▶ What the exercise asks
Filter the data below, keeping only lines that contain "pour".

Brief descriptive captions
====================

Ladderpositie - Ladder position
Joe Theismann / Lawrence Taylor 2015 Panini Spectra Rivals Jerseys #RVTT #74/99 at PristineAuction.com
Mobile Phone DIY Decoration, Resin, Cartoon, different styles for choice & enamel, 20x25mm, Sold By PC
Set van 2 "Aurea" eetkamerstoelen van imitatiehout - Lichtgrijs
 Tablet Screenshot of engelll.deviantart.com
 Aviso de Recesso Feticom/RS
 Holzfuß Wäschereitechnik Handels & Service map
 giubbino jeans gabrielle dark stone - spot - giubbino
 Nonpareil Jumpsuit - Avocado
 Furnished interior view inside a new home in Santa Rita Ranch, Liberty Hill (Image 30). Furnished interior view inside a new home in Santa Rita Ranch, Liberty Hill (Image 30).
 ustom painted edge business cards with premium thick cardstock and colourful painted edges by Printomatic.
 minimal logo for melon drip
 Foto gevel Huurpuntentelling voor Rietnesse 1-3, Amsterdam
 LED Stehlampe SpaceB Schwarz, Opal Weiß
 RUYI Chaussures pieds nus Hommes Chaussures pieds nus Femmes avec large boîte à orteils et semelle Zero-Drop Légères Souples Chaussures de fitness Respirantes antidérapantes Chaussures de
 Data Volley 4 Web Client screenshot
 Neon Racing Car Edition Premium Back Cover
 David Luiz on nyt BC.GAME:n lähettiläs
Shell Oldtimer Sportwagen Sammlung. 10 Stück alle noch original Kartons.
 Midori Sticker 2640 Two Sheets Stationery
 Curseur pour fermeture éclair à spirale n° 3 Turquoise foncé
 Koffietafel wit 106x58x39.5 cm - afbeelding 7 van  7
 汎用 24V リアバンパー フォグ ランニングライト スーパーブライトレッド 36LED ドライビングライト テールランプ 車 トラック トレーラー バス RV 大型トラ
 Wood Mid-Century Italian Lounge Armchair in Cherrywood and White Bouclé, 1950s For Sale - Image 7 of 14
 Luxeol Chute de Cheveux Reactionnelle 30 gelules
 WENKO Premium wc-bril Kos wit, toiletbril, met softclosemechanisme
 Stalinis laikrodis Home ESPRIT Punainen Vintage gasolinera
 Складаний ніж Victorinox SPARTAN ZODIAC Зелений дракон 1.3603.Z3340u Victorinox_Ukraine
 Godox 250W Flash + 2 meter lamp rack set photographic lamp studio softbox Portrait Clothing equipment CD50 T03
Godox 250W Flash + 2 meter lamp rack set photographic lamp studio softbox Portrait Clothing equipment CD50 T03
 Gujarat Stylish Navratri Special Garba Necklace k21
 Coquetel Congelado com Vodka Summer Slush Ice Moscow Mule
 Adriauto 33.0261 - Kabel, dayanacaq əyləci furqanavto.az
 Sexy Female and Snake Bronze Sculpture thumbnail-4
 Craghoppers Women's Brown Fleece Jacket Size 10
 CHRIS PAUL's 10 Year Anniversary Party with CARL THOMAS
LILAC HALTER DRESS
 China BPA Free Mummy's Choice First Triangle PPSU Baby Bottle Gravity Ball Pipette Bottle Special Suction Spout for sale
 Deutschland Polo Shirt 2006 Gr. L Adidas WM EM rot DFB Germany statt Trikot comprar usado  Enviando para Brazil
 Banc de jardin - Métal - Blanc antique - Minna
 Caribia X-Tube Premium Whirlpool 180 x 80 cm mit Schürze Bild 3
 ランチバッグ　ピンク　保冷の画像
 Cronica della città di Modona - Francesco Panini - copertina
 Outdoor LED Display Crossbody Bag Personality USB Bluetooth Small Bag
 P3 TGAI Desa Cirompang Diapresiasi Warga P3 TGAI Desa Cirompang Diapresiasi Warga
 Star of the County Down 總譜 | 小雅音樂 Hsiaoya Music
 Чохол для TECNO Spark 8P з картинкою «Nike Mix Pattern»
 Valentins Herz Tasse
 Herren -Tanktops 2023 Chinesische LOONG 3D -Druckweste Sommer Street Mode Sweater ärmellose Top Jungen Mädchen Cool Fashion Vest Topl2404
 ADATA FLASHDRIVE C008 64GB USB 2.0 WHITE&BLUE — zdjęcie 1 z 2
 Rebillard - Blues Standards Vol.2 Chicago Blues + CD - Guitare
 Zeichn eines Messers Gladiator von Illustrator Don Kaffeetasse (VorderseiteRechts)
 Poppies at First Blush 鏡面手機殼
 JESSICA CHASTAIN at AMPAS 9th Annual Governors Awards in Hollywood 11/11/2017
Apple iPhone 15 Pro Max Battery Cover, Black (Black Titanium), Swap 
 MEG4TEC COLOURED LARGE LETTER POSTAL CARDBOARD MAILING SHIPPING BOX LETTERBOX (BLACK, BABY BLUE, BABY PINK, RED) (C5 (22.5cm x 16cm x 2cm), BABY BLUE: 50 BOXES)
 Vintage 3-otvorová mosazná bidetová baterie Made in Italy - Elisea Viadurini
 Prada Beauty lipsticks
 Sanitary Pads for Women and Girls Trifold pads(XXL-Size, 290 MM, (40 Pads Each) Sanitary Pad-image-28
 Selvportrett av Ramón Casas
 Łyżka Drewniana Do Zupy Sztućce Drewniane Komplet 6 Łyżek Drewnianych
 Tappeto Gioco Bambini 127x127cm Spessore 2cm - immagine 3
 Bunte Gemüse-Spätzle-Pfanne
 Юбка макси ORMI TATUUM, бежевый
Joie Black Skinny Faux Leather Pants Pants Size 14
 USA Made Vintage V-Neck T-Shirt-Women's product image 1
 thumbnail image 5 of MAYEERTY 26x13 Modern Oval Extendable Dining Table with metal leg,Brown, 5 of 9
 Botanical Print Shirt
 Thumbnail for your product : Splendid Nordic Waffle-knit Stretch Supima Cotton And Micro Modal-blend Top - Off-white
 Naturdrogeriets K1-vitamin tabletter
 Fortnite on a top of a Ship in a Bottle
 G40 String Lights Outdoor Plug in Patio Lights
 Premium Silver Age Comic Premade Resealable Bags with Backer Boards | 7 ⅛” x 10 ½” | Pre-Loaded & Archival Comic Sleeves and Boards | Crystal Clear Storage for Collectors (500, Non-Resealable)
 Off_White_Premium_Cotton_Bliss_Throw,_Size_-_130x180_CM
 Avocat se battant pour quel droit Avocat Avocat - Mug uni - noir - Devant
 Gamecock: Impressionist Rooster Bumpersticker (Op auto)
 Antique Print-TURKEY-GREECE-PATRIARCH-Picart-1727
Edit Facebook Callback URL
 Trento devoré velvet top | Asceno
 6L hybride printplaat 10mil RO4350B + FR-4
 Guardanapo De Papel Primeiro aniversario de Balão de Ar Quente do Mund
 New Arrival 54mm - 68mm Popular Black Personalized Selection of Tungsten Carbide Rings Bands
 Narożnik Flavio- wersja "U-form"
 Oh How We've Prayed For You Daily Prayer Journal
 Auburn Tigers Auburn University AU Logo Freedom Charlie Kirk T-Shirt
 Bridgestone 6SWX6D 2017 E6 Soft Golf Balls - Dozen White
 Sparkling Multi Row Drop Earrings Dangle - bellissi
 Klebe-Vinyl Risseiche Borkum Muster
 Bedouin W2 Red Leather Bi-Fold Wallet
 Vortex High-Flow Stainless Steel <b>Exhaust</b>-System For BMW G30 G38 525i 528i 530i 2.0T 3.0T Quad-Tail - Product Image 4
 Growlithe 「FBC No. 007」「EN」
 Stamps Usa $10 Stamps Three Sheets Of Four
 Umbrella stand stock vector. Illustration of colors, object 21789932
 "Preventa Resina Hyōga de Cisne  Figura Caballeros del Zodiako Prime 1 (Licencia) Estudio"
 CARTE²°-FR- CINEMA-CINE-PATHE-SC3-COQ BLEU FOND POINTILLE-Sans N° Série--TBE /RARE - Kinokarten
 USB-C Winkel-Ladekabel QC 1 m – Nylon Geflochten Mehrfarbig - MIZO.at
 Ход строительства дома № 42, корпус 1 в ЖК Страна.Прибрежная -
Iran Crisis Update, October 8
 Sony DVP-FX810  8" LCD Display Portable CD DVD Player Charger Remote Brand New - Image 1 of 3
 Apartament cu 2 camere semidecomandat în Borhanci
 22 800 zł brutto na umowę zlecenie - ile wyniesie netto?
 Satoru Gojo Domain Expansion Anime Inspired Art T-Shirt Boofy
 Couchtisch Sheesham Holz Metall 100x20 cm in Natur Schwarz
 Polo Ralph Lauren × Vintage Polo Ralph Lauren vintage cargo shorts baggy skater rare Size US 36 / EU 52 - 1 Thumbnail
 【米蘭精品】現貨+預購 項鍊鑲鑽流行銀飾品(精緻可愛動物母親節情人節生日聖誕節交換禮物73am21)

====================

▶ Written solution
 Curseur pour fermeture éclair à spirale n° 3 Turquoise foncé
 Avocat se battant pour quel droit Avocat Avocat - Mug uni - noir - Devant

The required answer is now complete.